• _Required action_: For this exercise, please transcribe exactly and only the lines from the one containing "Lily | Midi-jurk" through the end of the material, both ends included, without pictures.

┌─ Recorded information

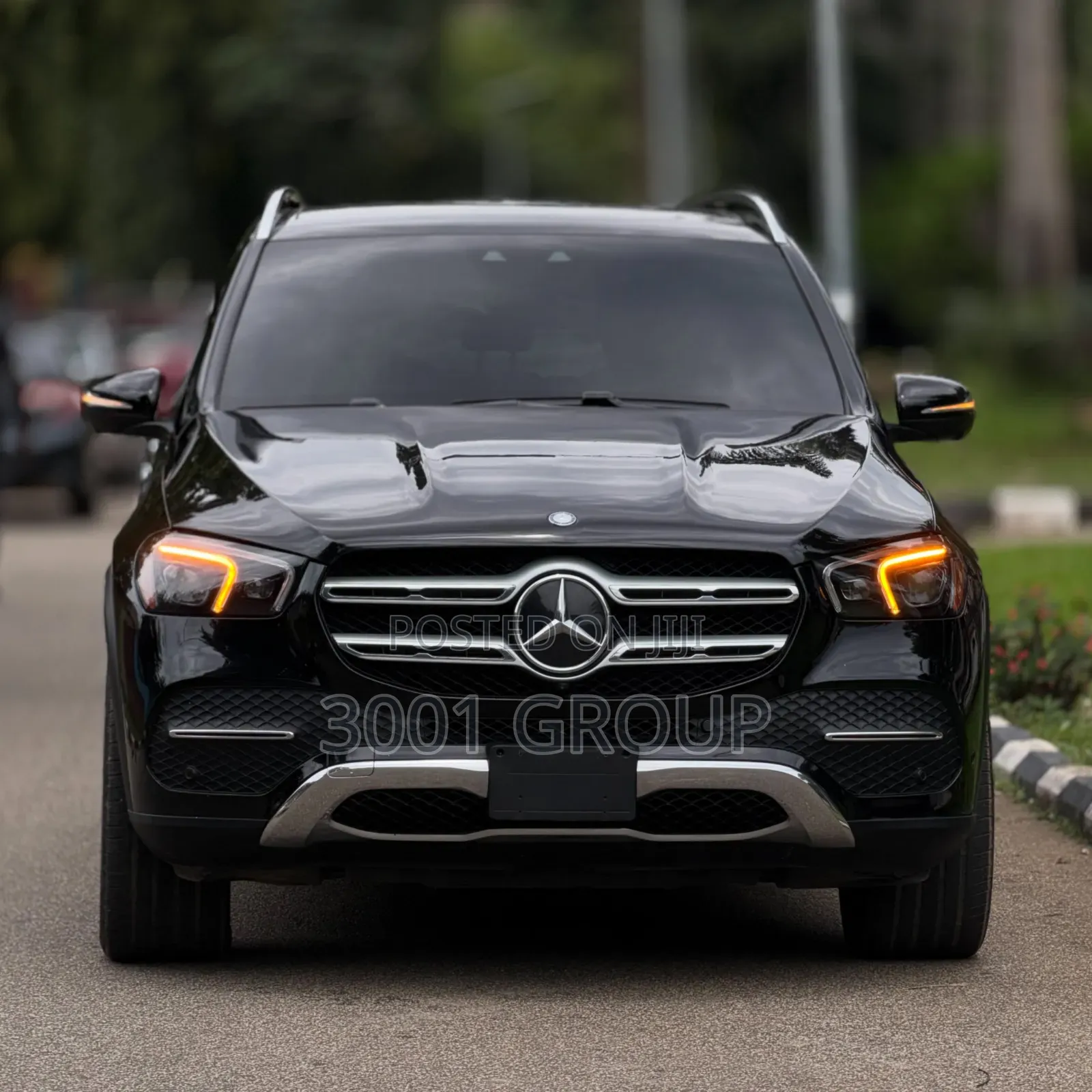 Mercedes-Benz GLE-Class 2022 Black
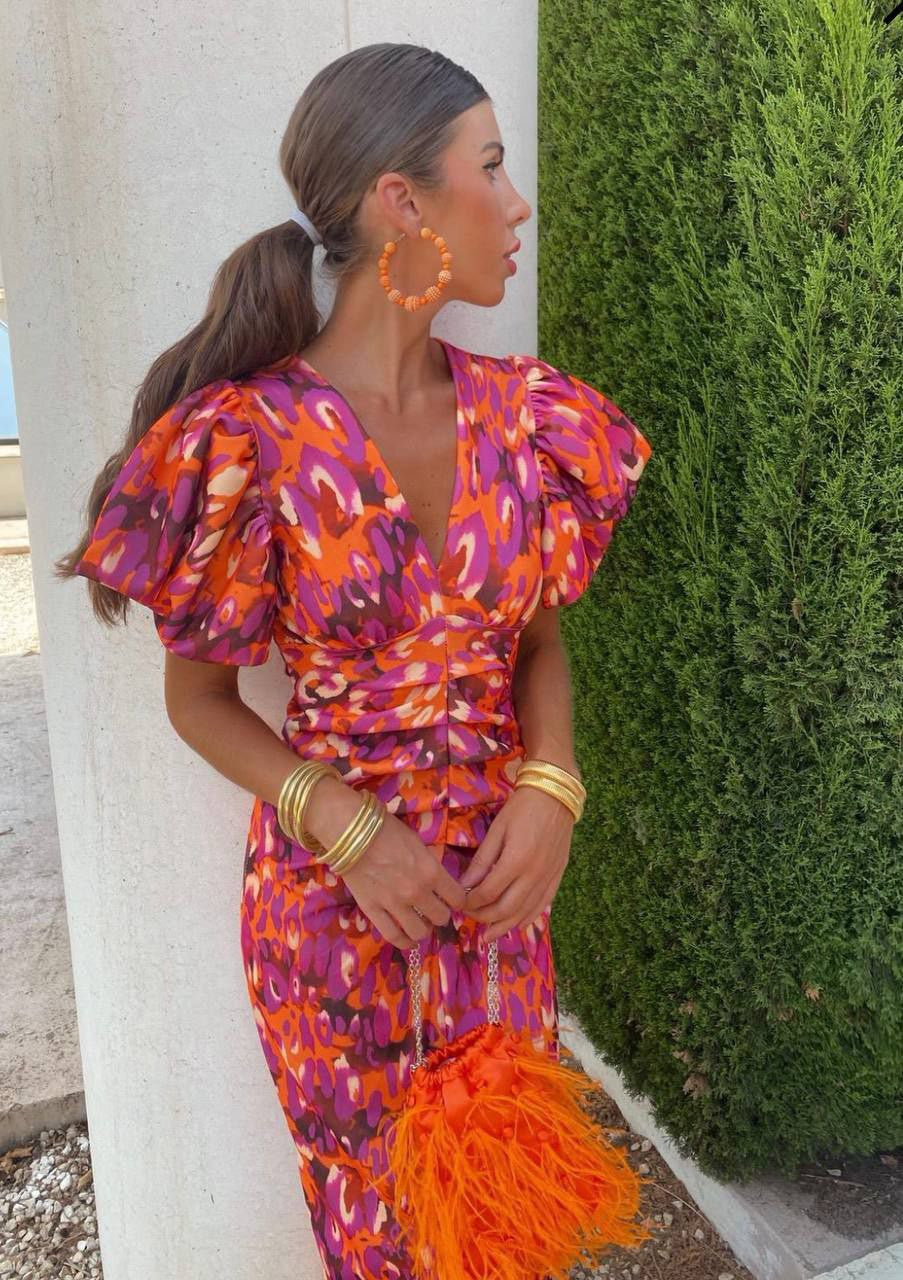 Lily | Midi-jurk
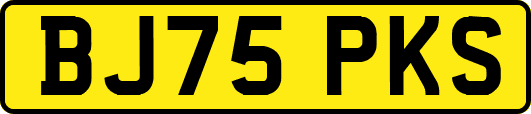 BJ75PKS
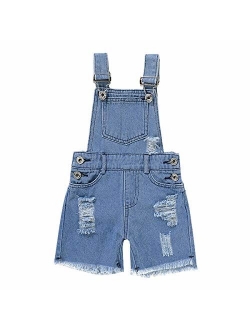 Saeaby Toddler Kids Baby Clothes Girls Jeans Jumpsuit Romper Denim Overalls Jeans Girls Clothes Outfits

└─

• _The answer_:
 Lily | Midi-jurk
 BJ75PKS
 Saeaby Toddler Kids Baby Clothes Girls Jeans Jumpsuit Romper Denim Overalls Jeans Girls Clothes Outfits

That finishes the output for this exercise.